■ **What you will do**
Type out the data below in its entirety, exactly as given.

■ **Material to process**
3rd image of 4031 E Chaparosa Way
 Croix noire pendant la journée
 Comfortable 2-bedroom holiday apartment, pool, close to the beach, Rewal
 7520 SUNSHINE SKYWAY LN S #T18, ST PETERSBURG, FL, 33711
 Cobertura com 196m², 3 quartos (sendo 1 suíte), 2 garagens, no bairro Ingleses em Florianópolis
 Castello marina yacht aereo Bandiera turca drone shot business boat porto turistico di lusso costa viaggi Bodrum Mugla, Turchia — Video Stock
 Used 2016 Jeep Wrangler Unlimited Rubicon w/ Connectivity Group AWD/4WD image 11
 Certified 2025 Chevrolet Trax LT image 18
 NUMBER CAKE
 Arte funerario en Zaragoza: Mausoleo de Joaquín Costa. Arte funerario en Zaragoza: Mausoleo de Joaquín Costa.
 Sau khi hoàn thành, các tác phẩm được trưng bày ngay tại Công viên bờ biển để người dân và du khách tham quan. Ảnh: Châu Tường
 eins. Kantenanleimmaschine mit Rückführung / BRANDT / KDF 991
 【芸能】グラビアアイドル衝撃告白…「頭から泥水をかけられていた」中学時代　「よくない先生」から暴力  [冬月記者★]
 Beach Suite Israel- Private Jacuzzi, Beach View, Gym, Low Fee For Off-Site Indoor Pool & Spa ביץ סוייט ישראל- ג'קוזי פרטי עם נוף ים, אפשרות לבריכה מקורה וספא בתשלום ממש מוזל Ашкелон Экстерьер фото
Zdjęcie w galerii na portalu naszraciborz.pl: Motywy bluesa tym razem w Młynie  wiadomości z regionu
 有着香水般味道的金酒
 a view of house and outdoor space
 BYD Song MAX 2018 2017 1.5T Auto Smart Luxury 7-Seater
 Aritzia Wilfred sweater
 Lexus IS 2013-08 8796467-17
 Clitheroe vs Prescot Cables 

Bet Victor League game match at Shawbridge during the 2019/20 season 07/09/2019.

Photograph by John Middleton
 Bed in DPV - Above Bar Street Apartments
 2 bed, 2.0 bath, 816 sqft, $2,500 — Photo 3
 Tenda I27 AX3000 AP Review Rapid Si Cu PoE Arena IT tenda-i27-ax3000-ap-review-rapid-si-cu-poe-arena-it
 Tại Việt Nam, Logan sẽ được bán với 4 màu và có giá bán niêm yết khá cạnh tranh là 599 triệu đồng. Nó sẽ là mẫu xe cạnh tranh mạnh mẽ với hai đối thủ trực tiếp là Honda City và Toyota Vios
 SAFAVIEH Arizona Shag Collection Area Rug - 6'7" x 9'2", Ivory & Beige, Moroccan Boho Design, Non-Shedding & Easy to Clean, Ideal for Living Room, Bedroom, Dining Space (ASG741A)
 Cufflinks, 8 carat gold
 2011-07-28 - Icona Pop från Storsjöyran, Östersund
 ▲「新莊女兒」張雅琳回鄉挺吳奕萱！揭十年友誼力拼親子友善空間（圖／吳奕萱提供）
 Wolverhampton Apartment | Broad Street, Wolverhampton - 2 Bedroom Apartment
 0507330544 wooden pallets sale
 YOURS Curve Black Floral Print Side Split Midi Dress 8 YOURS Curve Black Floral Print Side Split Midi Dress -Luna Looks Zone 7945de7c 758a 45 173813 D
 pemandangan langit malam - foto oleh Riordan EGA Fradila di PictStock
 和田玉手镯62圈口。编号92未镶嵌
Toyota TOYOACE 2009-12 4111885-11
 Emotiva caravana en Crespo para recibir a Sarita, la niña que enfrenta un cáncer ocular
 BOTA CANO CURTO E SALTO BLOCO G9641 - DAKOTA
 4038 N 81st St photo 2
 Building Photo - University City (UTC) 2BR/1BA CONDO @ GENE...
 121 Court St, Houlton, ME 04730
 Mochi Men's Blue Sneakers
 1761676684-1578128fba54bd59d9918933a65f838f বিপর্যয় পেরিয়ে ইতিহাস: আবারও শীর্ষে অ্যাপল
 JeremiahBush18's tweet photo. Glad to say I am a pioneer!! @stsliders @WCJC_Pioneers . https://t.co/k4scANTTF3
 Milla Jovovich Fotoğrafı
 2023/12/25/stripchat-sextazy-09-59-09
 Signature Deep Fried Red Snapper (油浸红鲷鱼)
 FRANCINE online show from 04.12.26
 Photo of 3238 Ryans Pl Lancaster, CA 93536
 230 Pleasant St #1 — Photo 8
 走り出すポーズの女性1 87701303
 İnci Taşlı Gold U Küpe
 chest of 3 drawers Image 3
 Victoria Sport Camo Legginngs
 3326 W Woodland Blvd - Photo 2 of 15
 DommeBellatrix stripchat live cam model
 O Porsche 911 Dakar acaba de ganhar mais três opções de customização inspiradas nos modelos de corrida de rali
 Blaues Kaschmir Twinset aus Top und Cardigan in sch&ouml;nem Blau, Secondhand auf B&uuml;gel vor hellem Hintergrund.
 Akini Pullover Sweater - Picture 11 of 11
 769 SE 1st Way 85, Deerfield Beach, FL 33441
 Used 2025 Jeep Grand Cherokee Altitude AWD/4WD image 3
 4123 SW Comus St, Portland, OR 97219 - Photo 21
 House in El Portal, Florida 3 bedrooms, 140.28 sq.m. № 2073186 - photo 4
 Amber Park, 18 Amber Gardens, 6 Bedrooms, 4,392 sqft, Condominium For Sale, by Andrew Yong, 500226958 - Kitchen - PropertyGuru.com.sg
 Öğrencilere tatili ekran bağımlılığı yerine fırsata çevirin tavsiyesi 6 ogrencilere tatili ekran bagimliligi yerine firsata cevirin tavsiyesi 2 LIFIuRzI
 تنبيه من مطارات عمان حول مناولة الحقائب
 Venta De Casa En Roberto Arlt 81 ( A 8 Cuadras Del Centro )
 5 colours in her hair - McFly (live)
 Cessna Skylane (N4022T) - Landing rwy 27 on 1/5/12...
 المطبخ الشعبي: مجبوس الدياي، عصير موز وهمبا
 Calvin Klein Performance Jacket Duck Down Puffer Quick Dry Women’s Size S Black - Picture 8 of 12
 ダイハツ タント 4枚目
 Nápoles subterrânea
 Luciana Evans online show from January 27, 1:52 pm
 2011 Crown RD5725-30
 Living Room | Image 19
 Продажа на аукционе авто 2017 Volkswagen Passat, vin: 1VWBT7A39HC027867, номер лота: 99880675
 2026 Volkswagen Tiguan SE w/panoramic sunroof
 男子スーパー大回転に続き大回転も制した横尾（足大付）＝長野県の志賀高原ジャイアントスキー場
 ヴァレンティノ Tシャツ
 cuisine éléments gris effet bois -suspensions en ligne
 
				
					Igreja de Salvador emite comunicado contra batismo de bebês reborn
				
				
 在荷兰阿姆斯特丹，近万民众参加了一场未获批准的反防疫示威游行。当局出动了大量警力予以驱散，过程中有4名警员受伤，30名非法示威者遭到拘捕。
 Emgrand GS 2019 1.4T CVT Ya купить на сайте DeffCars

■ **Solution to this problem**
3rd image of 4031 E Chaparosa Way
 Croix noire pendant la journée
 Comfortable 2-bedroom holiday apartment, pool, close to the beach, Rewal
 7520 SUNSHINE SKYWAY LN S #T18, ST PETERSBURG, FL, 33711
 Cobertura com 196m², 3 quartos (sendo 1 suíte), 2 garagens, no bairro Ingleses em Florianópolis
 Castello marina yacht aereo Bandiera turca drone shot business boat porto turistico di lusso costa viaggi Bodrum Mugla, Turchia — Video Stock
 Used 2016 Jeep Wrangler Unlimited Rubicon w/ Connectivity Group AWD/4WD image 11
 Certified 2025 Chevrolet Trax LT image 18
 NUMBER CAKE
 Arte funerario en Zaragoza: Mausoleo de Joaquín Costa. Arte funerario en Zaragoza: Mausoleo de Joaquín Costa.
 Sau khi hoàn thành, các tác phẩm được trưng bày ngay tại Công viên bờ biển để người dân và du khách tham quan. Ảnh: Châu Tường
 eins. Kantenanleimmaschine mit Rückführung / BRANDT / KDF 991
 【芸能】グラビアアイドル衝撃告白…「頭から泥水をかけられていた」中学時代　「よくない先生」から暴力  [冬月記者★]
 Beach Suite Israel- Private Jacuzzi, Beach View, Gym, Low Fee For Off-Site Indoor Pool & Spa ביץ סוייט ישראל- ג'קוזי פרטי עם נוף ים, אפשרות לבריכה מקורה וספא בתשלום ממש מוזל Ашкелон Экстерьер фото
Zdjęcie w galerii na portalu naszraciborz.pl: Motywy bluesa tym razem w Młynie  wiadomości z regionu
 有着香水般味道的金酒
 a view of house and outdoor space
 BYD Song MAX 2018 2017 1.5T Auto Smart Luxury 7-Seater
 Aritzia Wilfred sweater
 Lexus IS 2013-08 8796467-17
 Clitheroe vs Prescot Cables 

Bet Victor League game match at Shawbridge during the 2019/20 season 07/09/2019.

Photograph by John Middleton
 Bed in DPV - Above Bar Street Apartments
 2 bed, 2.0 bath, 816 sqft, $2,500 — Photo 3
 Tenda I27 AX3000 AP Review Rapid Si Cu PoE Arena IT tenda-i27-ax3000-ap-review-rapid-si-cu-poe-arena-it
 Tại Việt Nam, Logan sẽ được bán với 4 màu và có giá bán niêm yết khá cạnh tranh là 599 triệu đồng. Nó sẽ là mẫu xe cạnh tranh mạnh mẽ với hai đối thủ trực tiếp là Honda City và Toyota Vios
 SAFAVIEH Arizona Shag Collection Area Rug - 6'7" x 9'2", Ivory & Beige, Moroccan Boho Design, Non-Shedding & Easy to Clean, Ideal for Living Room, Bedroom, Dining Space (ASG741A)
 Cufflinks, 8 carat gold
 2011-07-28 - Icona Pop från Storsjöyran, Östersund
 ▲「新莊女兒」張雅琳回鄉挺吳奕萱！揭十年友誼力拼親子友善空間（圖／吳奕萱提供）
 Wolverhampton Apartment | Broad Street, Wolverhampton - 2 Bedroom Apartment
 0507330544 wooden pallets sale
 YOURS Curve Black Floral Print Side Split Midi Dress 8 YOURS Curve Black Floral Print Side Split Midi Dress -Luna Looks Zone 7945de7c 758a 45 173813 D
 pemandangan langit malam - foto oleh Riordan EGA Fradila di PictStock
 和田玉手镯62圈口。编号92未镶嵌
Toyota TOYOACE 2009-12 4111885-11
 Emotiva caravana en Crespo para recibir a Sarita, la niña que enfrenta un cáncer ocular
 BOTA CANO CURTO E SALTO BLOCO G9641 - DAKOTA
 4038 N 81st St photo 2
 Building Photo - University City (UTC) 2BR/1BA CONDO @ GENE...
 121 Court St, Houlton, ME 04730
 Mochi Men's Blue Sneakers
 1761676684-1578128fba54bd59d9918933a65f838f বিপর্যয় পেরিয়ে ইতিহাস: আবারও শীর্ষে অ্যাপল
 JeremiahBush18's tweet photo. Glad to say I am a pioneer!! @stsliders @WCJC_Pioneers . https://t.co/k4scANTTF3
 Milla Jovovich Fotoğrafı
 2023/12/25/stripchat-sextazy-09-59-09
 Signature Deep Fried Red Snapper (油浸红鲷鱼)
 FRANCINE online show from 04.12.26
 Photo of 3238 Ryans Pl Lancaster, CA 93536
 230 Pleasant St #1 — Photo 8
 走り出すポーズの女性1 87701303
 İnci Taşlı Gold U Küpe
 chest of 3 drawers Image 3
 Victoria Sport Camo Legginngs
 3326 W Woodland Blvd - Photo 2 of 15
 DommeBellatrix stripchat live cam model
 O Porsche 911 Dakar acaba de ganhar mais três opções de customização inspiradas nos modelos de corrida de rali
 Blaues Kaschmir Twinset aus Top und Cardigan in sch&ouml;nem Blau, Secondhand auf B&uuml;gel vor hellem Hintergrund.
 Akini Pullover Sweater - Picture 11 of 11
 769 SE 1st Way 85, Deerfield Beach, FL 33441
 Used 2025 Jeep Grand Cherokee Altitude AWD/4WD image 3
 4123 SW Comus St, Portland, OR 97219 - Photo 21
 House in El Portal, Florida 3 bedrooms, 140.28 sq.m. № 2073186 - photo 4
 Amber Park, 18 Amber Gardens, 6 Bedrooms, 4,392 sqft, Condominium For Sale, by Andrew Yong, 500226958 - Kitchen - PropertyGuru.com.sg
 Öğrencilere tatili ekran bağımlılığı yerine fırsata çevirin tavsiyesi 6 ogrencilere tatili ekran bagimliligi yerine firsata cevirin tavsiyesi 2 LIFIuRzI
 تنبيه من مطارات عمان حول مناولة الحقائب
 Venta De Casa En Roberto Arlt 81 ( A 8 Cuadras Del Centro )
 5 colours in her hair - McFly (live)
 Cessna Skylane (N4022T) - Landing rwy 27 on 1/5/12...
 المطبخ الشعبي: مجبوس الدياي، عصير موز وهمبا
 Calvin Klein Performance Jacket Duck Down Puffer Quick Dry Women’s Size S Black - Picture 8 of 12
 ダイハツ タント 4枚目
 Nápoles subterrânea
 Luciana Evans online show from January 27, 1:52 pm
 2011 Crown RD5725-30
 Living Room | Image 19
 Продажа на аукционе авто 2017 Volkswagen Passat, vin: 1VWBT7A39HC027867, номер лота: 99880675
 2026 Volkswagen Tiguan SE w/panoramic sunroof
 男子スーパー大回転に続き大回転も制した横尾（足大付）＝長野県の志賀高原ジャイアントスキー場
 ヴァレンティノ Tシャツ
 cuisine éléments gris effet bois -suspensions en ligne
 
				
					Igreja de Salvador emite comunicado contra batismo de bebês reborn
				
				
 在荷兰阿姆斯特丹，近万民众参加了一场未获批准的反防疫示威游行。当局出动了大量警力予以驱散，过程中有4名警员受伤，30名非法示威者遭到拘捕。
 Emgrand GS 2019 1.4T CVT Ya купить на сайте DeffCars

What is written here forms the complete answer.